During the long gasoline lines and higher energy prices of the OPEC-induced energy crisis almost 30 years ago — with the Vietnam War behind us and with the economy in a downturn — I suggested that what was needed to revitalize the American economy was what frequently had succeeded in the past: another war. Only this time, it would need to be a war to develop alternative energy technologies.

That energy and fiscal crisis of the 1970s ebbed, and we Americans temporarily returned to SUVs and other fuel-consuming devices. With the growth of the energy demands of China, India and other countries, along with our energy excesses, however, we now face the continuation of rising energy prices in a deteriorating economy.

Thus, it is time to begin in earnest that war to develop energy solutions.

The model for that war already exists in two relatively recent truly American events. The first was John F. Kennedy’s successful pledge to put a man on the moon within 10 years. The second was the electronic revolution driven in large part by young, entrepreneurial visionaries who from their garages developed major electronics industries.

Furthermore, this multifaceted war on energy could reinforce America’s world standing and provide hundreds of thousands of good-paying jobs — many high-tech — while bolstering the economy, ridding the United States of its dependence on foreign oil and easing the threat of global warming.

Without enumerating all of the alternative energy potential solutions, several broad areas are worth exploring:

Replace all carbon-based electrical-generating facilities with wind power, supported by T. Boone Pickens in his television advertisements and already begun in Maine; with tidal power, used on Deer Isle-Stonington in the 1800s to a much lesser degree and once started at Eastport in the 1930s; and with geo-thermal power in the hot pockets of the Northwest. The best of the oil-fired plants, however, would remain online to pick up some of the burden in slack-wind or high-demand times.

Develop a fleet of energy-efficient (50 miles to a gallon or better) hybrid, electric, and hydrogen-powered cars and trucks. Development of batteries that sustain a greater charge longer for a reasonable price and the subsequent development of non-carbon electrical-generating plants to recharge those batteries or to process hydrogen for cars are critical.
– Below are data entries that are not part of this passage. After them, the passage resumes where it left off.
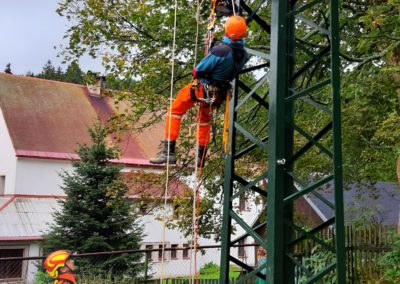 výškové práce školení, aktivity, bezpečnost, lanová centra, vvn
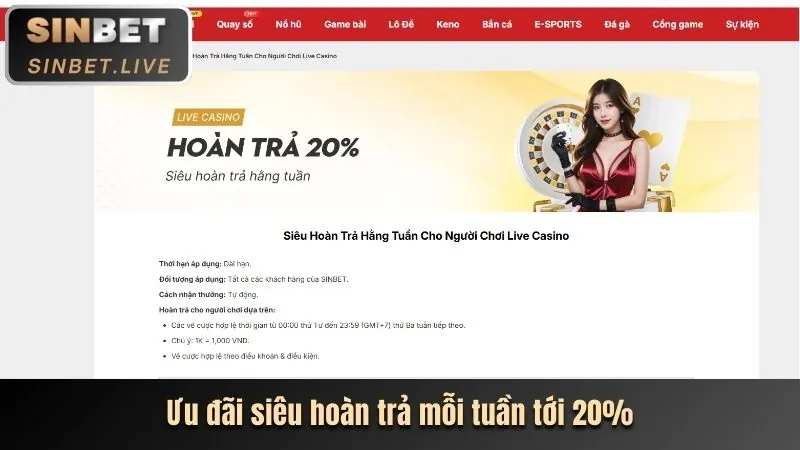 Sảnh Sexy Gaming S88BET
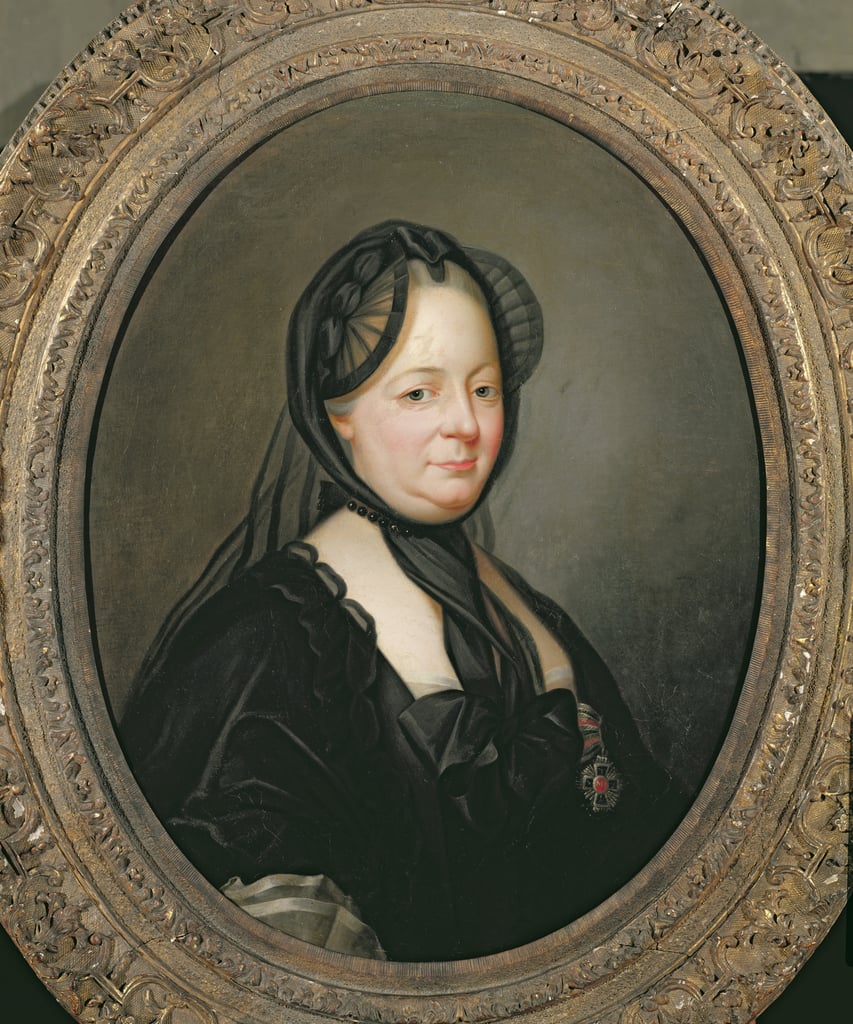 Kaiserin Maria Theresia (1717-1780) von Österreich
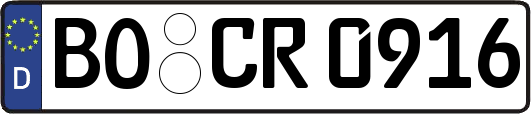 BO-CR0916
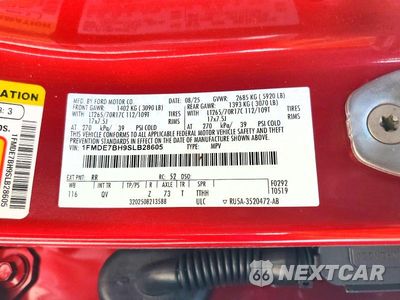 Zdjęcie 14 z 14 samochodu: 2025 FORD BRONCO BIG BEND VIN:1FMDE7BH9SLB28605 - miniatura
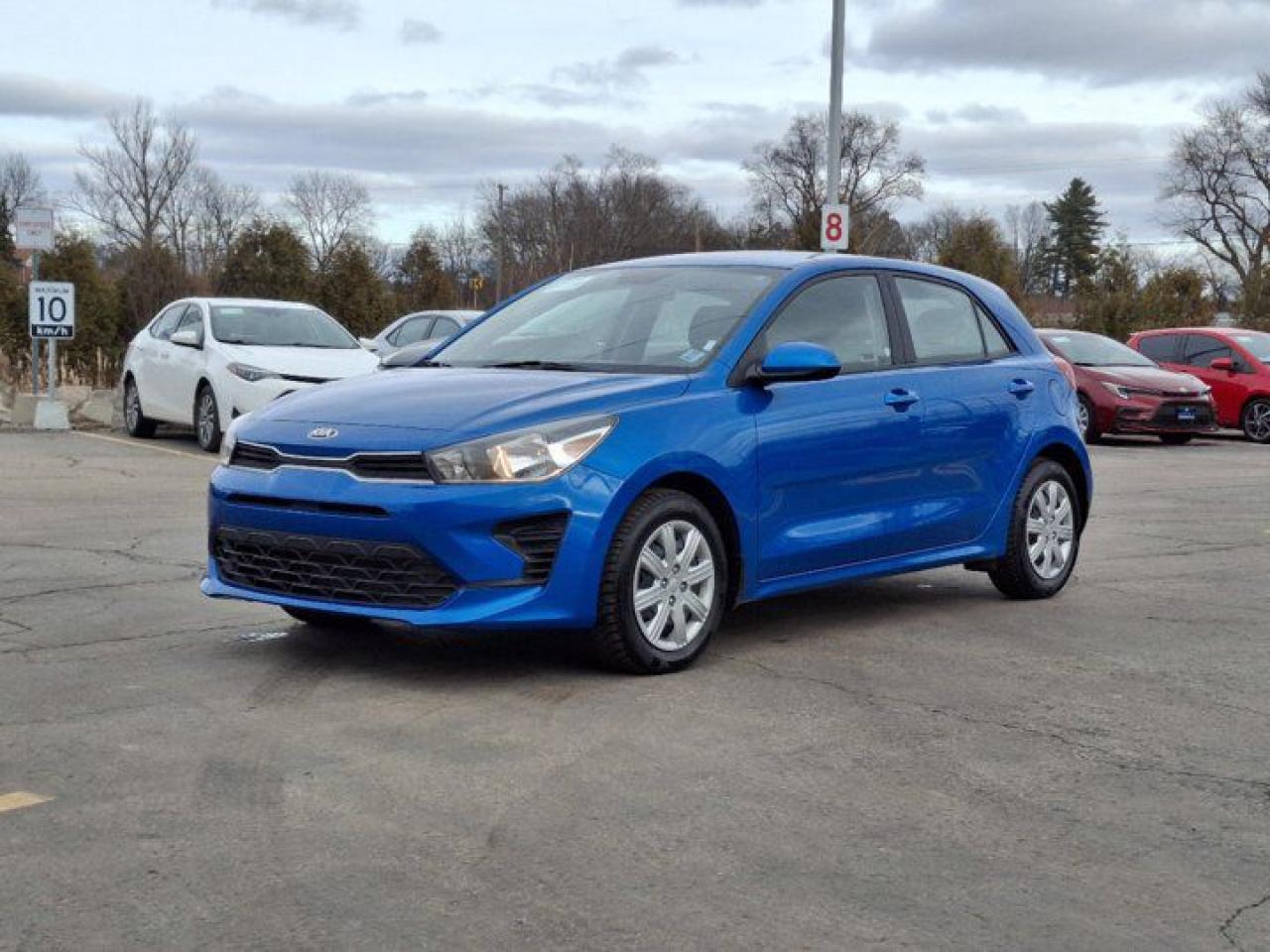 Used 2021 Kia Rio 5-Door LX+Hatchback | CarPlay + Android | Heated Seats | Rear Camera | and more! for sale in Guelph, ON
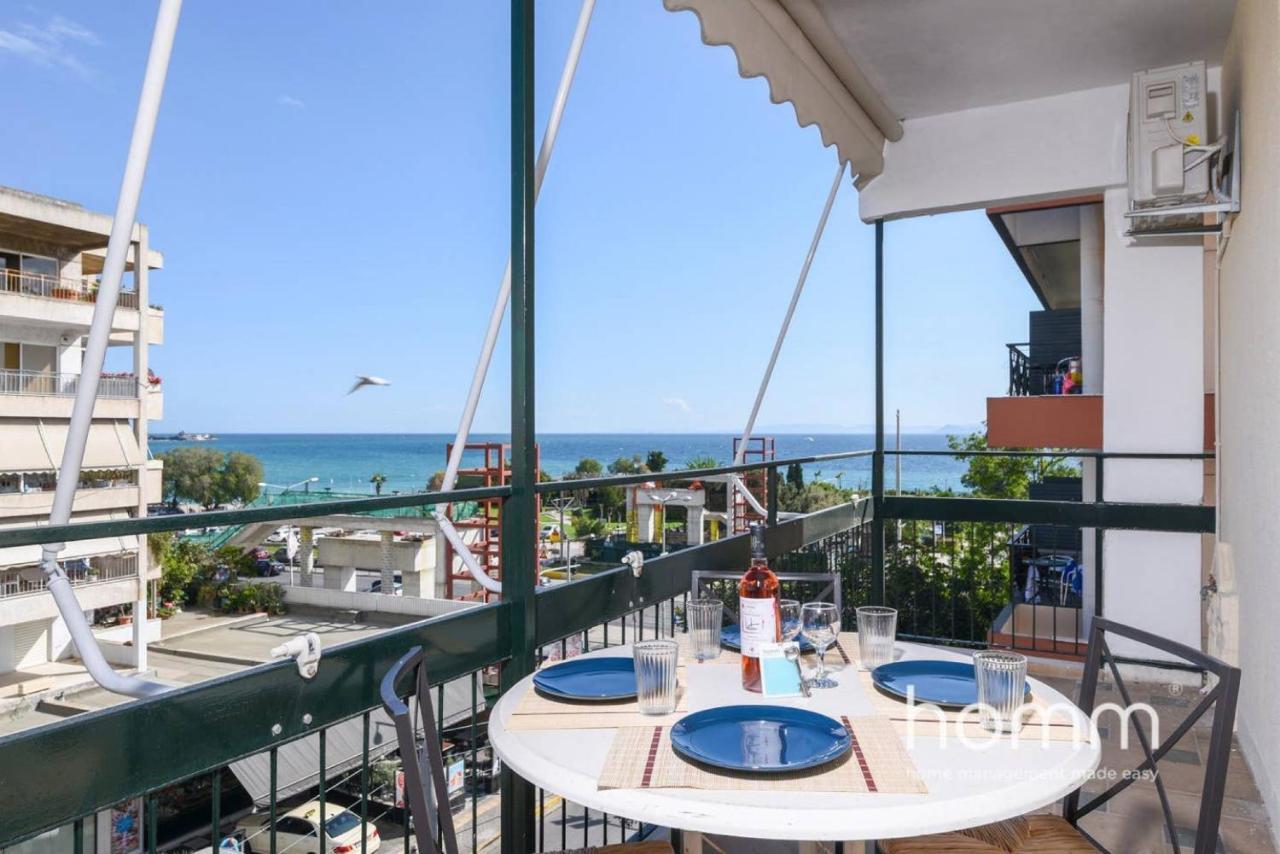 90M² Homm Sea View Apartment In Alimos Atina Dış mekan fotoğraf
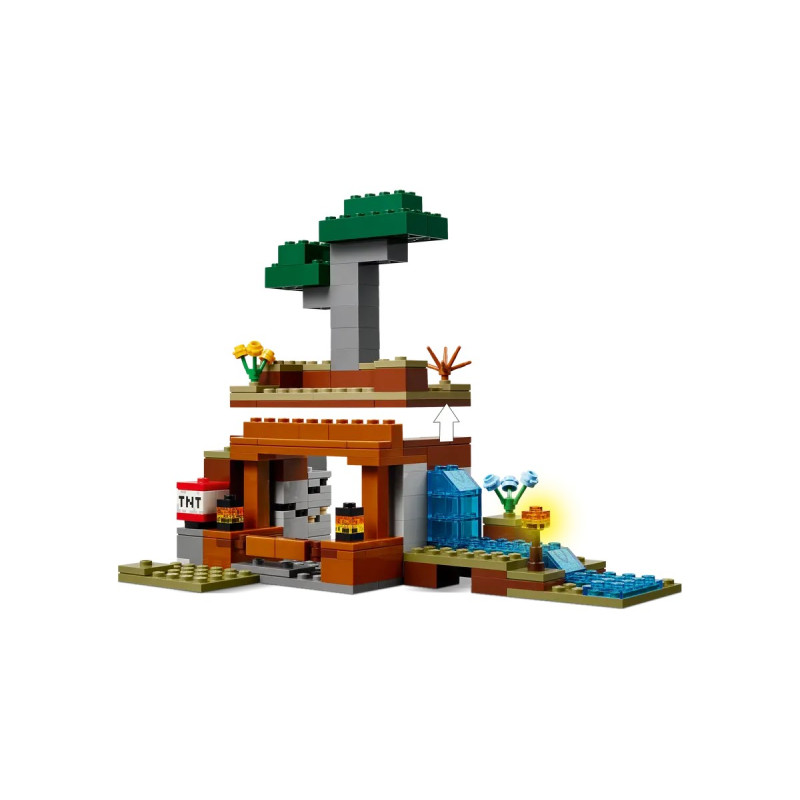 LEGO Конструктор Minecraft Шахтна експедиція «Броненосець»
Pickens’ view of using natural gas to power cars in the interim sounds feasible.

Revitalize the nation’s railways. This is fundamental to reducing diesel fuel-guzzling long-haul trucking of, say, East Coast-bound produce from California and imports through West Coast ports. Upgrading the rail system would be a mammoth undertaking, yet it would provide thousands of jobs. (And diesel fuel competes with and thereby drives up the price of home-heating oil.) A computerized, rapid, and efficient freight system would be the result, with products eventually distributed by short-haul trucking. Additionally, Europe and Japan have shown the practicability of high-speed passenger lines that could move more passengers faster, cheaper and with far less fuel on short- and medium-length runs than do the airlines.

Upgrade other mass transit systems. Because ridership on mass transit systems has risen appreciably with the rise in fuel costs, systems everywhere need to be upgraded and added. That includes the Bangor area bus system. More than 80 percent of Maine’s population lives within 20 miles of the turnpike and Interstate system. A light rail system bordering the breakdown lanes with parking lots and bus pickup at each exit would be an option at least to investigate.

Home heating prices in Maine and in other northern tier states are a major concern. Tougher standards on new home construction, weatherization of older homes and a change in the mindset of individuals as to heating patterns and at-home clothing choices can provide some reduction in fuel use, but a new, possibly unknown technology is needed.

Obviously, all this will not happen immediately. It, however, is the dreaming that should be on everyone’s mind. If we had acted after the 1970s energy crisis, we would be much farther along today in the pursuit of alternative energy. So, with the urgency of sending a man to the moon and in the entrepreneurial spirit of Americans, the task is before us. And hundreds of thousands of jobs could be created in providing new solutions to saving on energy costs.

Alfred Banfield is an earth science teacher at Bangor High School and a former Bangor Daily News staff member.